Im Bereich der Wartung gibt es verschiedene Entwicklungen, die die Langlebigkeit von Maschinen verbessern und Wartungsausfälle minimieren. Neben Dashboards mit konkreten KI-generierten Empfehlungen für die nächsten Wartungsschritte, ist natürlich auch die „vorausschauende Wartung“ (predictive maintenance) ein mittlerweile an vielen Stellen eingesetztes KI-System. Hierdurch wird vorhergesagt, welcher Teil einer Maschine ausfallen könnte und wann er ersetzt werden soll.

Welche Herausforderungen und Risiken sind mit dem Einsatz von KI in Produktionsprozessen verbunden und wie können sie minimiert werden?

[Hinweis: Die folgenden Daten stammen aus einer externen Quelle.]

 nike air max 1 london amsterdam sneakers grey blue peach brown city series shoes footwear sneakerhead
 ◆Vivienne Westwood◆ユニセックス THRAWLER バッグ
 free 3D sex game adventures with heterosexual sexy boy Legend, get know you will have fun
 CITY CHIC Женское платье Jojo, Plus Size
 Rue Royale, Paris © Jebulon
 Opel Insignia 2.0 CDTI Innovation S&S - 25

Technische Herausforderungen liegen zum Beispiel in der Datenqualität: KI-Systeme sind stark von den vorhandenen Trainingsdaten abhängig. Ungenaue, unvollständige oder unzuverlässige Daten können hier schnell zu Fehlern führen. Technisch herausfordernd ist auch die Integration in bestehende Systeme. Die Einführung von KI-Systemen in Produktionsumgebungen kann komplex sein, insbesondere, wenn ältere Maschinen und Systeme beteiligt sind.
Zudem fehlt es an qualifizierten Fachkräften, die sowohl in der KI-Technologie als auch der Produktion erfahren sind. Diese werden aber für die Einführung und Wartung von KI-Systemen benötigt.
Auch soziale und organisatorische Aspekte spielen eine Rolle. Eine gewisse Skepsis gegenüber KI-Systemen kann zu Verzögerungen in der Einführung und Umgehung der Systeme bis hin zu Sabotage durch die Skeptiker*innen führen.

Wie kann man die Akzeptanz der Mitarbeitenden gegenüber KI erhöhen?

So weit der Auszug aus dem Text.